Authors: Mkhalid, IA; Fierro, JLG; Mohamed, RM; Alshahri, AA

J. Nanopart. Res.. vol: 22. page: 1388-0764.
Date: nov-09. 2020.
Doi: 10.1007/s11051-020-05072-6.

The removal of the commonly used herbicides is essential for environmental remediation. In this study, mesoporous TiO2 photocatalysts modified with PtO were synthetized by the template-assisted scheme to develop highly effective materials for the elimination of Imazapyr herbicide under visible-light preservation. The effect of the PtO loading was investigated, and the xPtO-TiO2 materials were deeply considered by N-2 physisorption, XRD, HRTEM, FTIR, DRS UV-Vis, Raman, XPS, PL and photocurrent measurements. Total Imazapyr photodegradation was archived on mesoporous TiO2 photocatalysts loaded with 0.6 and 0.8 wt% of PtO. The optimized xPtO-TiO2 photocatalyst degrades the Imazapyr under solar light more efficiently than the pure TiO2 and the commercial Degussa P25 (photoefficiency of 35%, 1%, and 0.5%, respectively).
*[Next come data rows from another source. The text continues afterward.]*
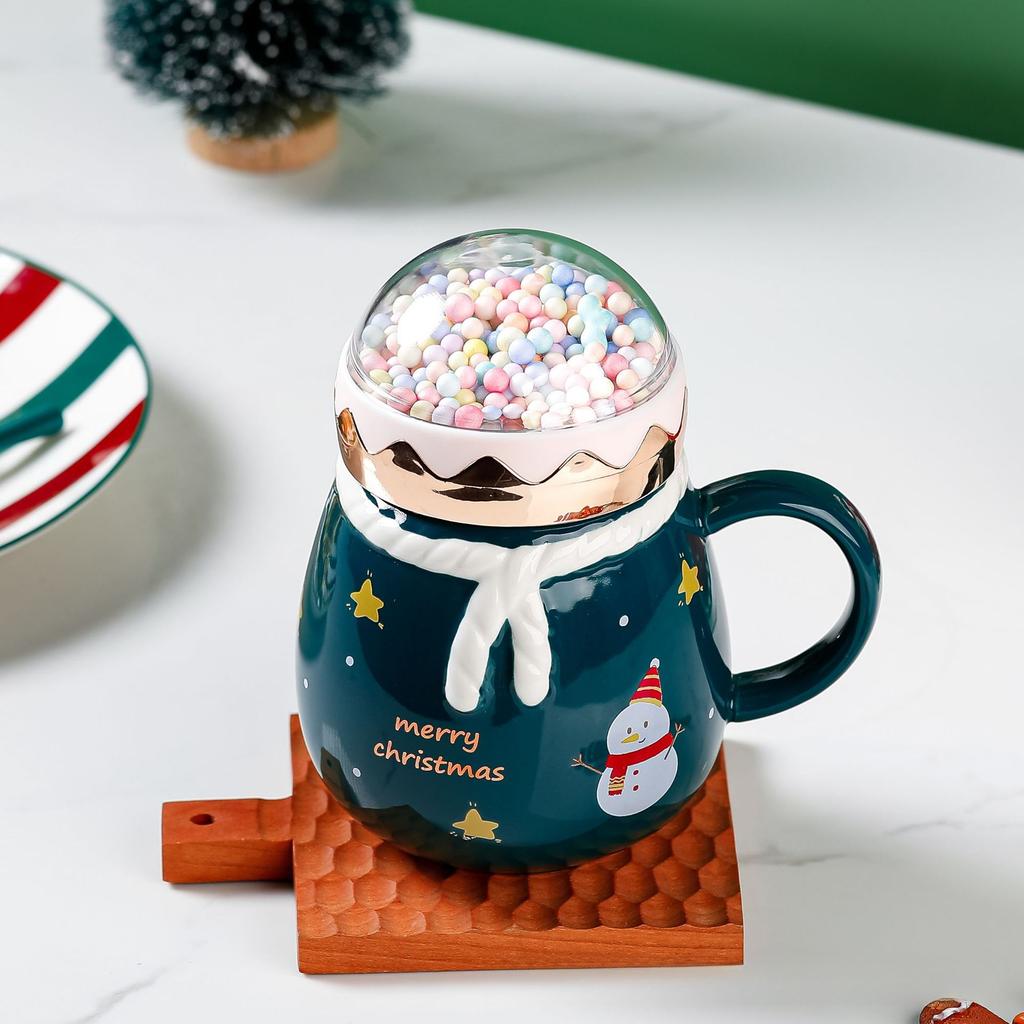 Creative Christmas Cup High Value Ceramic Cup Mug Gift Water Cup with Lid Cross Border Cartoon Cup Souvenir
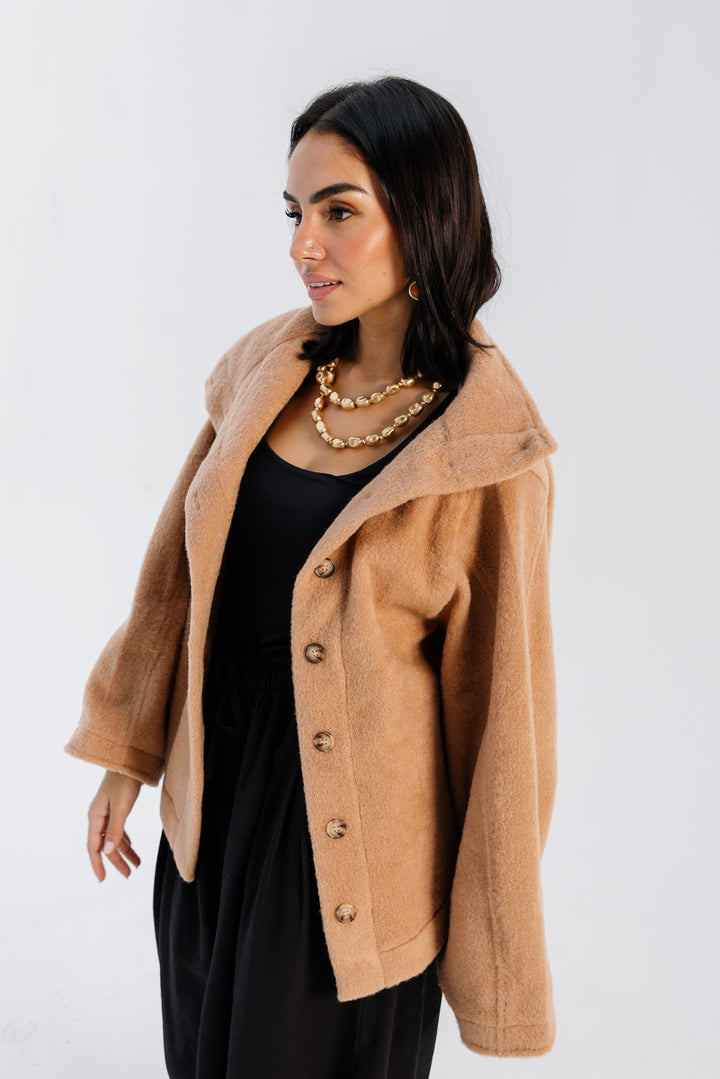Sided Collar Jacket - Camel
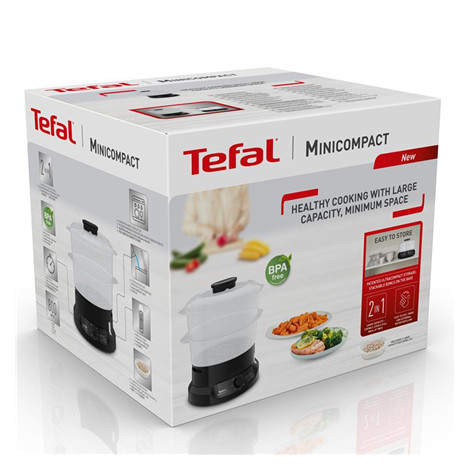 TEFAL | Food Steamer | VC139810 | Black | 800 W | Capacity 6 L | Number of baskets 2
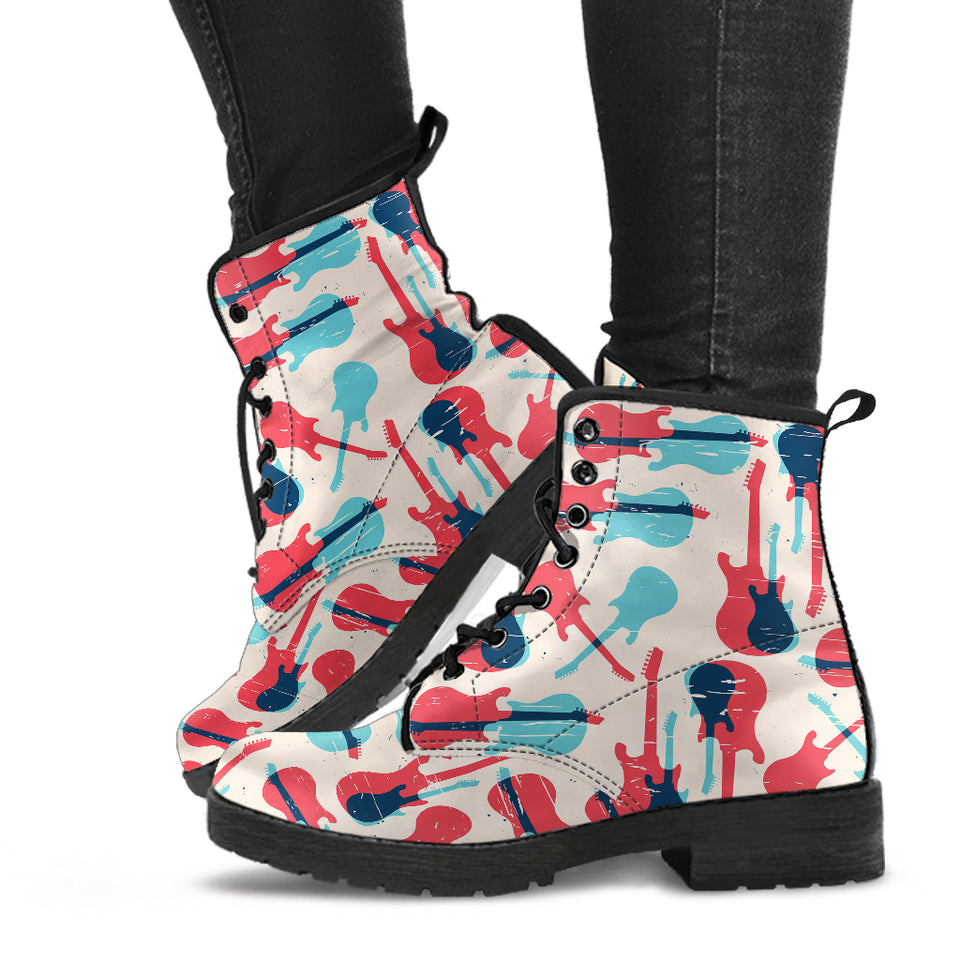 Red Blue Guitar Pattern Leather Boots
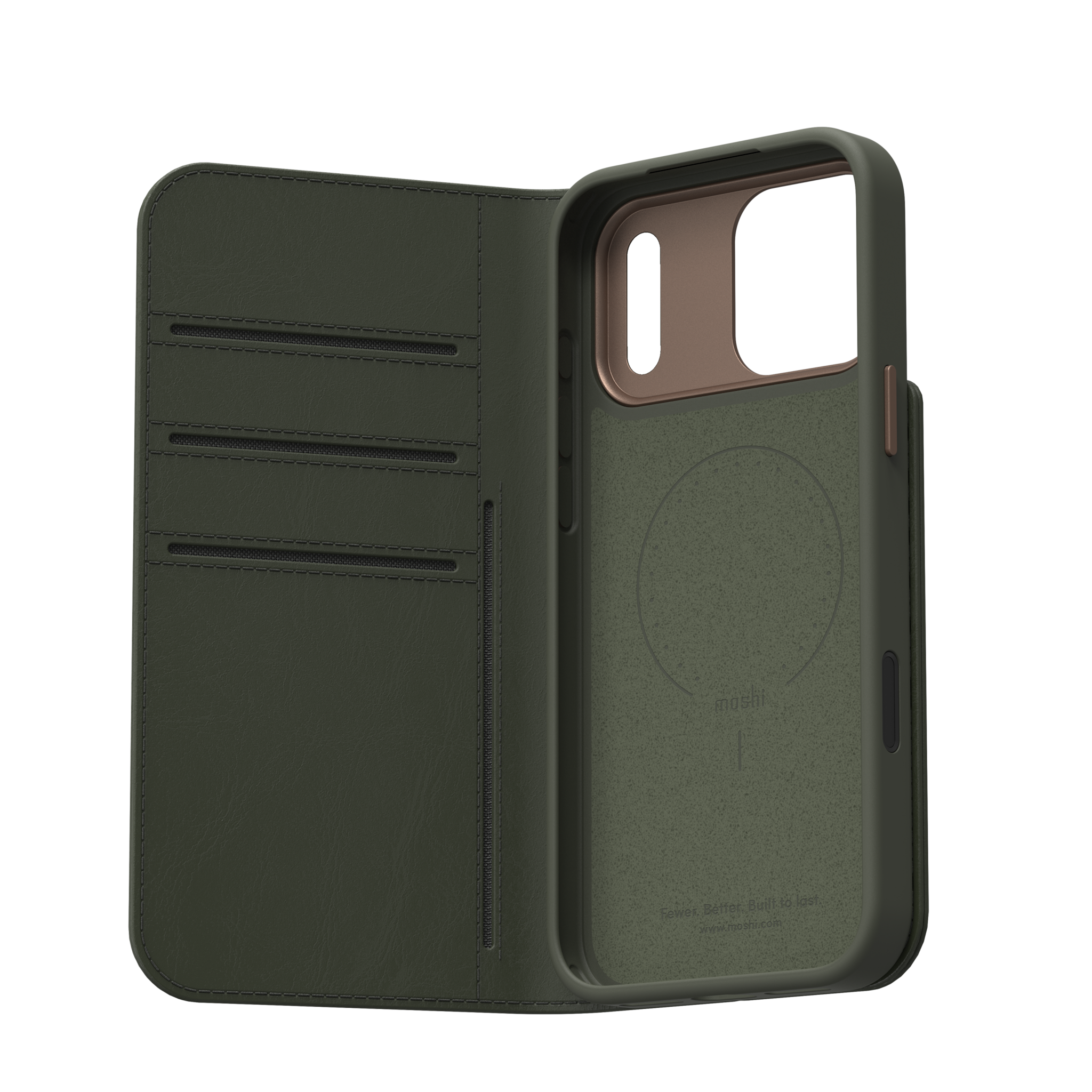 Moshi Overture Case /W DETACHABLE MAGNETIC WALLET for iPhone 17 Pro  Max - Moss Green
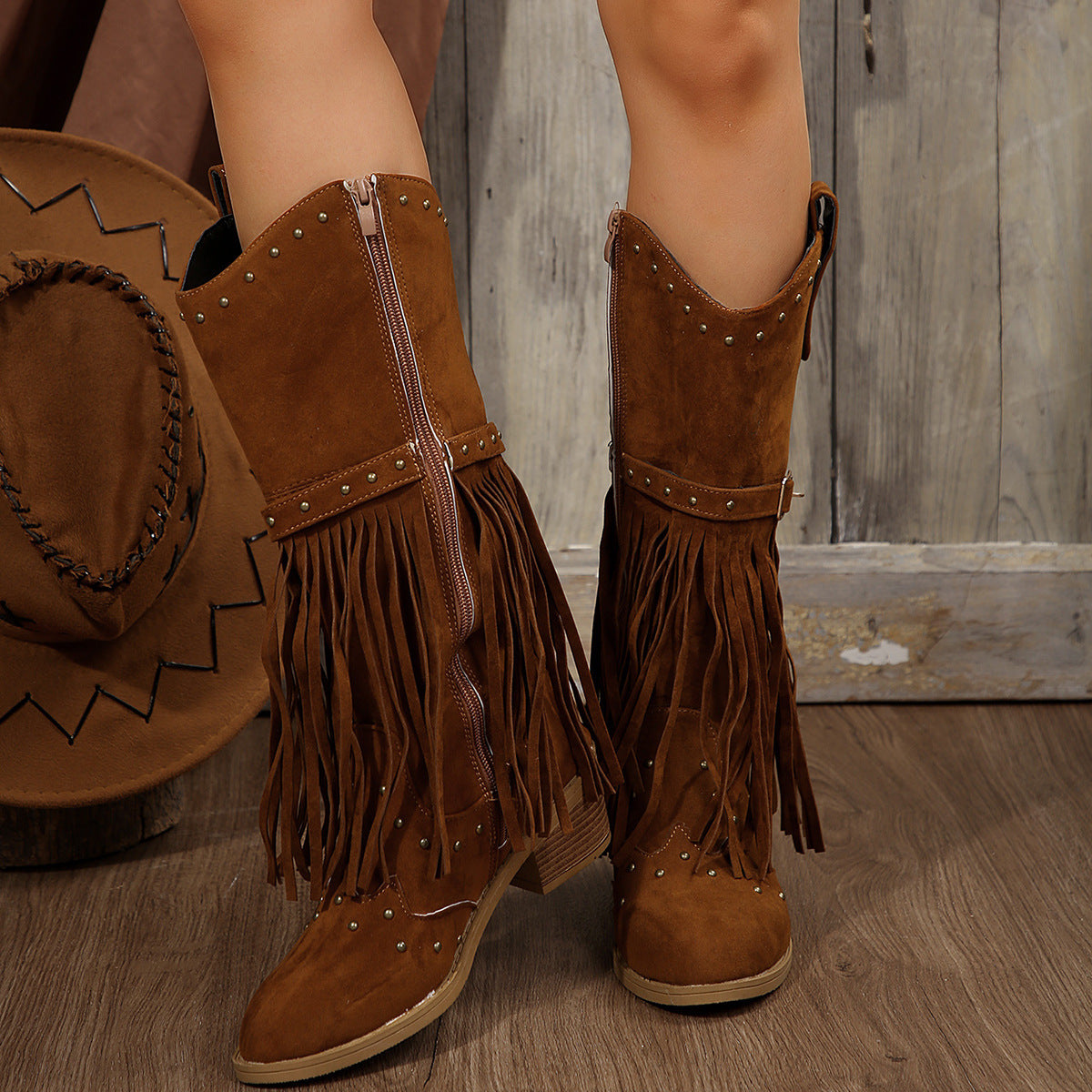 Damen Fransen-Stiefel mit Nietenverzierungen und Blockabsatz R&B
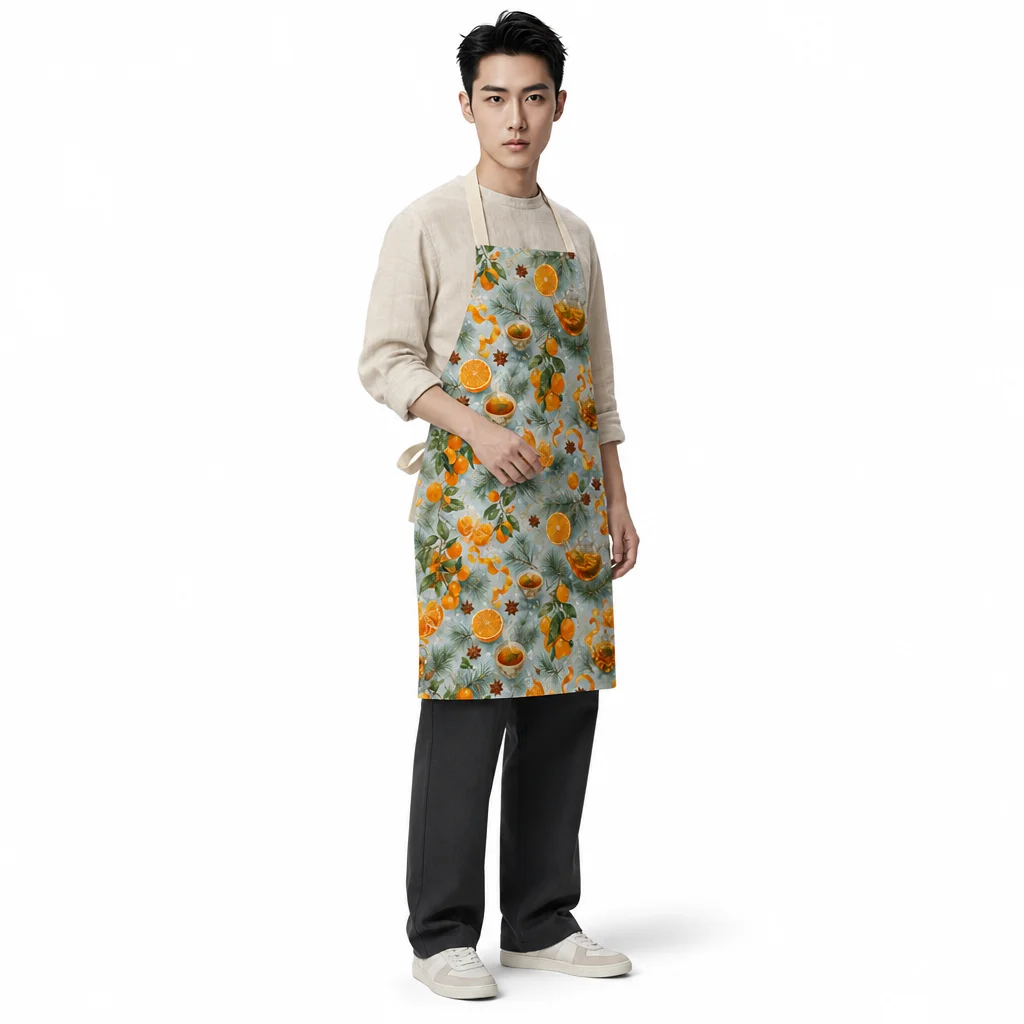 Winter Citrus Pine Tea All-Over Print Apron - worn by model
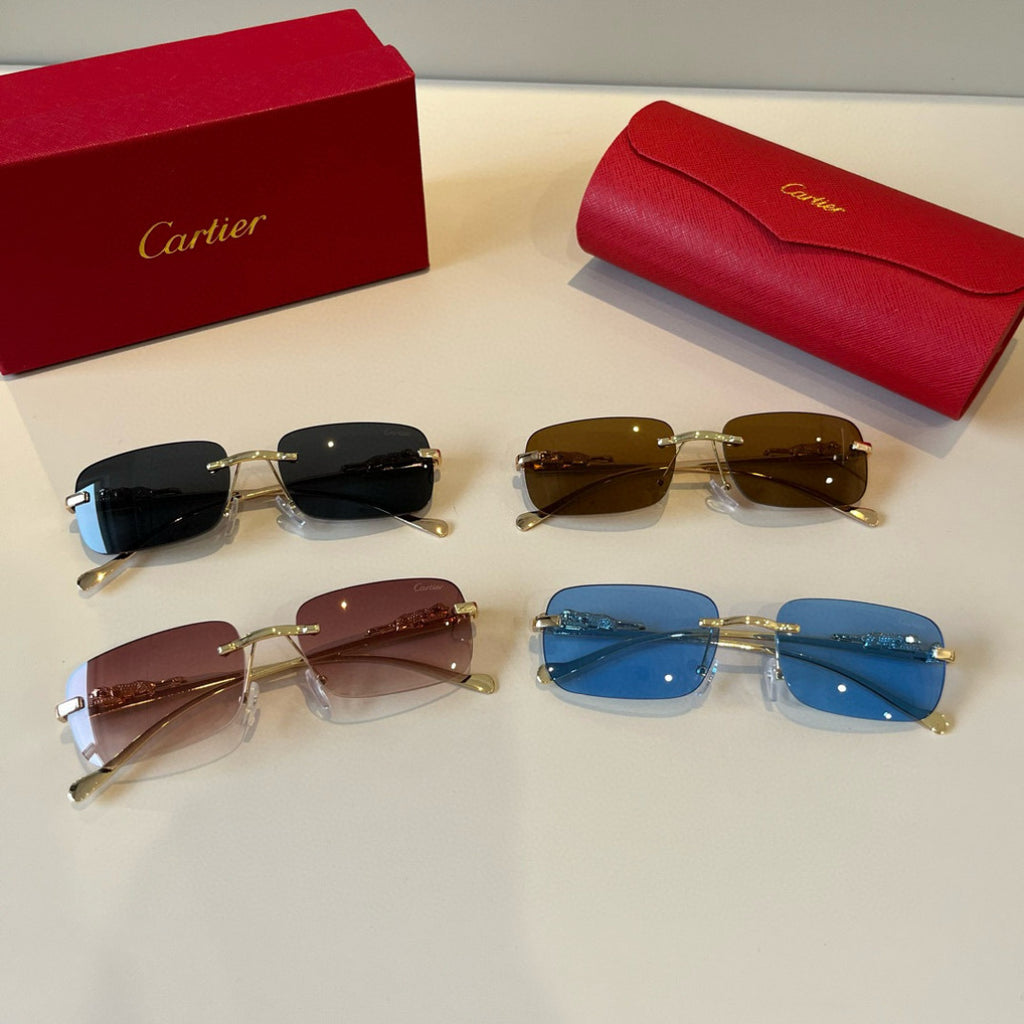 Cartier Lightweight Metal Rimless Silver Lens Sunglasses for Men & Wo - 358483 - detail image 9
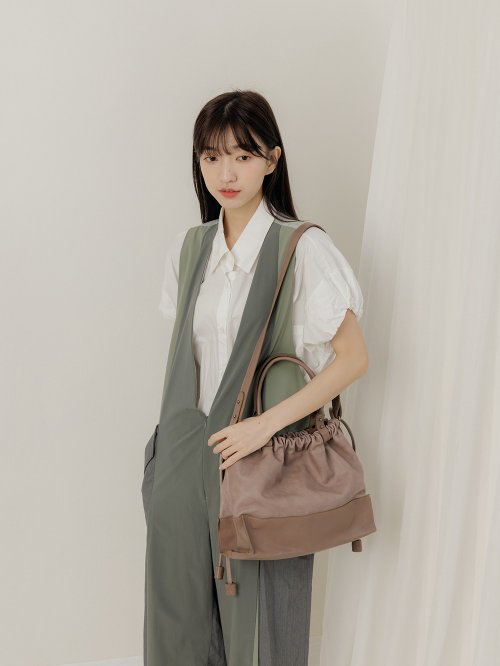 supportingrole supportingrole 真皮3用復古多功能設計手提肩側揹包 奶茶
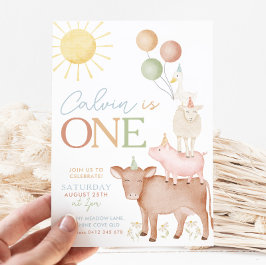 Boerderijdieren 1e verjaardagsfeestje voor jongens kaart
The improvement in the photoefficiency of the xPtO-TiO2 photocatalysts respect to the pure TiO2 was associated to the cooperative effect between PtO and TiO2 nanoparticles leading to a lessening in the energy gap and lower recombination of excited electron-hole pairs. The optimized 0.6PtO-TiO2 photocatalyst demonstrated to be stable and recyclable after up to five consecutive photocatalytic runs. Therefore, it can be a potential candidate for the significant mineralization of Imazapyr herbicide under solar light irradiation..